Swarm robotics is an emerging interdisciplinary field that has many potential real-world applications. Swarm robotics aims to produce robust, scalable, and flexible self-organizing behaviors through local interactions from a large number of simple robots. In this paper, a novel pheromone model of swarm foraging behavior is developed based on a neural network. The output of a single neuron corresponds to the density of a pheromone, which diffuses to neighboring neurons through their local connections. A neural network is updated based on the proposed evaporation model. Neural networks can often mimic the dynamics and features of pheromones. Therefore, in this work, we develop an optimization method to determine the key parameters of cooperative foraging based on mathematical modeling. The differential equation variables represent the number of foraging robots assigned different tasks. The solutions of the differential equations represent the dynamics of the foraging behavior. The key parameters that affect task allocation are determined to make optimal decision rules. Simulation experiments are conducted under different foraging scenarios. The experimental results demonstrate the effectiveness of the proposed pheromone model.

Introduction

Swarm intelligence is a discipline inspired by nature, especially social insects. This discipline focuses on the collective behavior of social swarms [1]. The desired swarm behavior emerges from a set of simple rules and the local interactions of a large number of homogeneous and simple individual robots. The self-organizing coordination mechanisms of social insects have been effectively implemented in swarm robotic systems [2], [3], [4]. The application of swarm intelligence in robotics is known as swarm robotics, which has been successfully applied to different fields, such as self-driving, delivery robots, autonomous agricultural robots and automated warehouses [reviewed in 5].

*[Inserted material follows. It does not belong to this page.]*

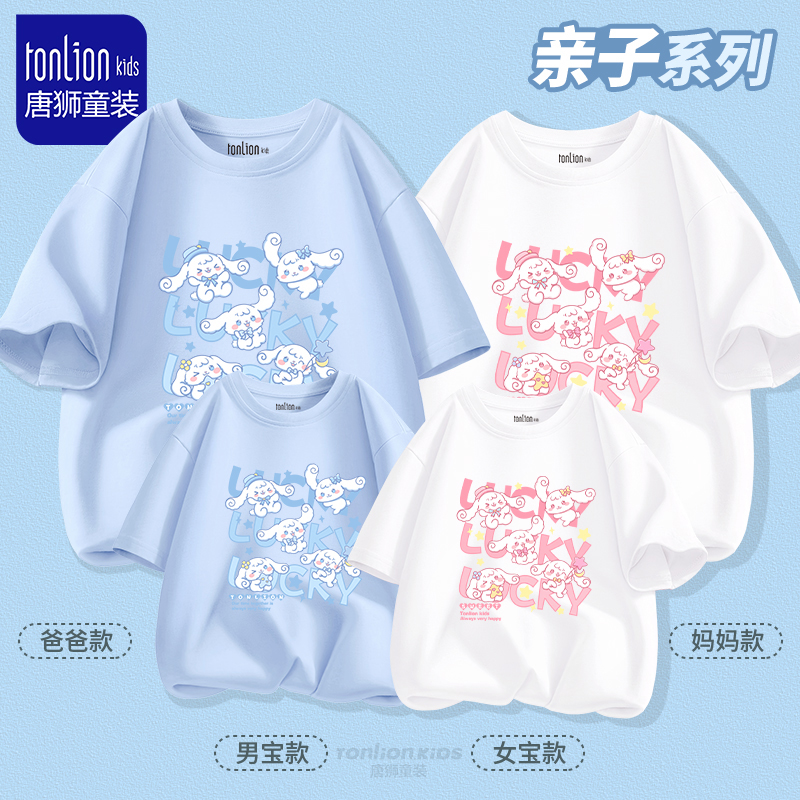 唐狮童装儿童短袖2025新款女童夏季甜美t恤衫夏日蓝色亲子装衣服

Swarm robotics are a relatively new approach to designing robust, scalable, and flexible collective behaviors in which swarm intelligence techniques are applied. Many different schemes for emerging collective behaviors have been proposed during recent years, such as fully distributed architecture (ALLIANCE) [6], parallel multi-agent architecture [7], task-oriented hierarchical control architecture [8], neural-endocrine architecture [9], cooperative architecture [10], and modular multi-agent architecture [11]. To date, a complete theoretical framework that constructs a control architecture for group behavior does not fully exist. In recent years, nature-inspired metaheuristic algorithms have been applied to swarm robotics applications. The most well-known swarm-based algorithms are: particle swarm optimization [12], ant colony optimization, bee algorithm [13], and fish-swarm algorithm [14]. The remarkable success of using social animal behavior to model emerging collective behaviors provides a best-known paradigm for swarm robotics. In addition, macroscopic modeling has been available to understand the individual robot characteristics and gain insight into the design and analysis of swarm robotics behaviors [15], [16], [17], [18]. Mathematical models are typically abstract versions of swarm robotics and are usually based on Markov processes. In practical implementations, thoughtful work must be performed to overcome the limitations of the models.

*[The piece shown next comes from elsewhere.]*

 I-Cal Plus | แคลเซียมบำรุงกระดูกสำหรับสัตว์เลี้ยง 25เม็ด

Although some emerging behavior models have been implemented in some swarm robotics platforms, the dynamic real-time control of a swarm robotic system is still considered challenging. Swarm foraging behavior is a classical benchmark problem in swarm robotics. The biggest challenge is to develop a self-organizing search and collection algorithm for swarm robotic foraging behaviors. This work targets two main contributions: to propose a novel neural network-based pheromone model of swarm foraging behavior and to study the optimization method for key parameters of cooperative swarm foraging with mathematical modeling. In this paper, a novel pheromone model of swarm foraging behavior is developed based on a neural network. If the foraging robots secretes pheromones, a corresponding neuron output will increase. The output will diffuse to neighboring neurons through local connections. Therefore, the output of the neural network will be updated based on the proposed pheromone evaporation model. The evolution of the neural network can mimic the features of pheromones. A parameter optimization algorithm, based on differential equations, is proposed in this work. The key variables of a set of rate equations are indexed by the number of foraging robots assigned to different tasks. Theoretical analysis shows that the waiting time of scouting robots to deliver food items is a critical parameter that affect the cooperation rate. We determine the optimal parameters of cooperative foraging to make the optimal control strategy. In addition, we present various scenarios that verify the effectiveness of the proposed pheromone model for cooperative swarm foraging.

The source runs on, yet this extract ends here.